Washington, May 1
Do you know that an exoplanet has a day that lasts only eight hours – much quicker than any planet in the solar system as its equator is moving at almost 100,000 kms per hour?
Observations from European Southern Observatory’s Very Large Telescope (VLT) have, for the first time, determined the rotation rate of an exoplanet ‘Beta Pictoris b’ that has been found to have a day that lasts only eight hours.
It is not known why some planets spin fast and others more slowly.
“This first measurement of an exoplanet’s rotation shows that the trend seen in the solar system also holds true for exoplanets. This must be some universal consequence of the way planets form,” explained co-author Remco de Kok.

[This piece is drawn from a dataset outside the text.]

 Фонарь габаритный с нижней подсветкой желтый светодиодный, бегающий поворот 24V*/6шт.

This new result extends the relation between mass and rotation seen in the solar system to exoplanets.
In this case, ‘Beta Pictoris b’ is a very young planet, only about 20 million-years old (compared to 4.5 billion years for the earth).
This planet was discovered nearly six years ago and was one of the first exoplanets to be directly imaged.

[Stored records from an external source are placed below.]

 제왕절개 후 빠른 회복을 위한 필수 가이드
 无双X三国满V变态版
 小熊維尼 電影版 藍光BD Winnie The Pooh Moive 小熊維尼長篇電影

Over time, the exoplanet is expected to cool and shrink, which will make it spin even faster.
“On the other hand, other processes might be at play that change the spin of the planet. For instance, the spin of the earth is slowing down over time due to the tidal interactions with our moon,” astronomers said.
During the study, the astronomers made use of a precise technique called high-dispersion spectroscopy to split light into its constituent colours – different wavelengths in the spectrum.
This technique is closely related to Doppler imaging which has been used for several decades to map the surfaces of stars.
“The new technique can be used on a much larger sample of exoplanets with the superb resolution,” said Bernhard Brandl, principal investigator of Mid-infrared E-ELT Imager and Spectrograph (METIS).
Similar techniques will allow astronomers to map exoplanets in detail in the future with the European Extremely Large Telescope (E-ELT), he said.